Komisi I F-PKB soal Kesejahteraan TNI-Polri: Terlihat Memang Ada Kesenjangan

Rahel Narda Chaterine - detikNews
Kamis, 03 Sep 2020 20:29 WIB
Abdul Kadir Karding
Abdul Kadir Karding (Andhika Prasetia/detikcom)
Jakarta -

Anggota Komisi I DPR RI dari Fraksi PKB, Abdul Kadir Karding, turut berbicara mengenai kesejahteraan TNI-Polri. Dia melihat memang ada kesenjangan kesejahteraan antara TNI-Polri yang kerap menjadi pemicu persoalan di antara keduanya.

"Saya sih berpendapat seperti itu sejak awal bahwa ada kejadian-kejadian antara polisi dan tentara ini lebih pada akar masalahnya, substansinya itu pada kesenjangan pada kecemburuan," kata Karding saat dihubungi pada Kamis (3/9/2020).

Menurut Karding, anggota TNI beranggapan memiliki tugas dan proses pelatihan yang sama dengan aparat di kepolisian. Namun kesejahteraan di antara dua instansi itu tampak berbeda.

"Jadi kan... mereka berpikirnya begini, 'sama-sama aparat negara kami sama-sama latihannya sama, waktu latihannya sama, waktu sekolahnya sama', tetapi pangkat sama di jajaran masing-masing tetapi kesejahteraan mereka terlihat oleh mata itu memang senjang," tutur Karding.

Karding mengatakan kesejahteraan di lingkungan TNI harus diperbaiki. Sebab, menurutnya, hal itu yang menjadi masalah utama persoalan yang terjadi antara TNI dan Polri.

"Oleh karena itu, suka tidak suka, mau tidak mau kita harus memperbaiki kesejahteraan daripada teman kita yang ada di TNI tersebut. Itu akar masalah utamanya," ujar Karding.

Kader PKB ini menilai jika TNI mendapatkan kesejahteraan yang setara dengan Polri, maka persoalan di antara dua instansi tersebut memiliki peluang kecil untuk terjadi.

"Kalau sama-sama sejahtera antara TNI dan tentara kemungkinan kejadian seperti ini tuh tidak mudah terjadi atau mungkin kecil kemungkinan terjadi," ujar Karding.

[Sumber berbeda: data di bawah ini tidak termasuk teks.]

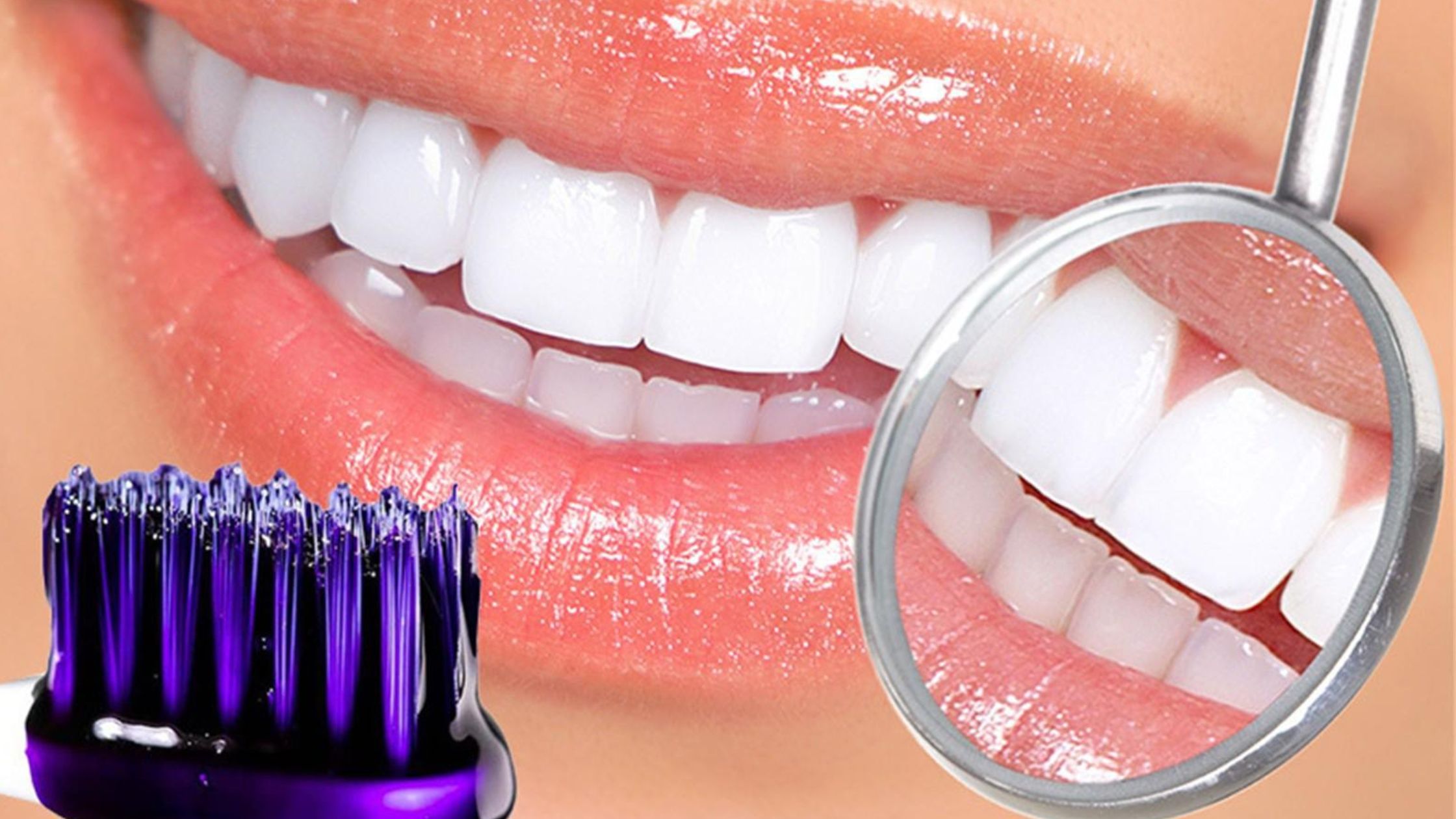 Does MySmile Purple Toothpaste Work on All Tooth Shades? 1 Does MySmile Purple Toothpaste Work on All Tooth Shades?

Sebelumnya, perihal kesejahteraan prajurit TNI diangkat dalam rapat kerja Komisi I DPR dengan Kementerian Pertahanan. Anggota Komisi I DPR Sukamta menilai kecemburuan prajurit TNI terkait kesejahteraan institusi lain kerap jadi pemicu keributan.

Sukamta awalnya bicara soal keprihatinannya terhadap kesejahteraan prajurit TNI dalam rapat kerja dengan Kementerian Pertahanan, Rabu (2/9) kemarin. Wamenhan Sakti Wahyu Trenggono menanggapi Sukamta dengan menyatakan dia pun menangis jika melihat kesejahteraan prajurit TNI.

"Karena ini rapat terbuka, saya tentu enggak bisa menjawab dengan secara terbuka, karena nanti menyangkut hal-hal yang sifatnya sensitif. Tapi saya setuju, saya pun menangis, Pak, sama seperti Bapak, begitu saya masuk ditugaskan Pak Presiden membantu Pak Prabowo," ujarnya.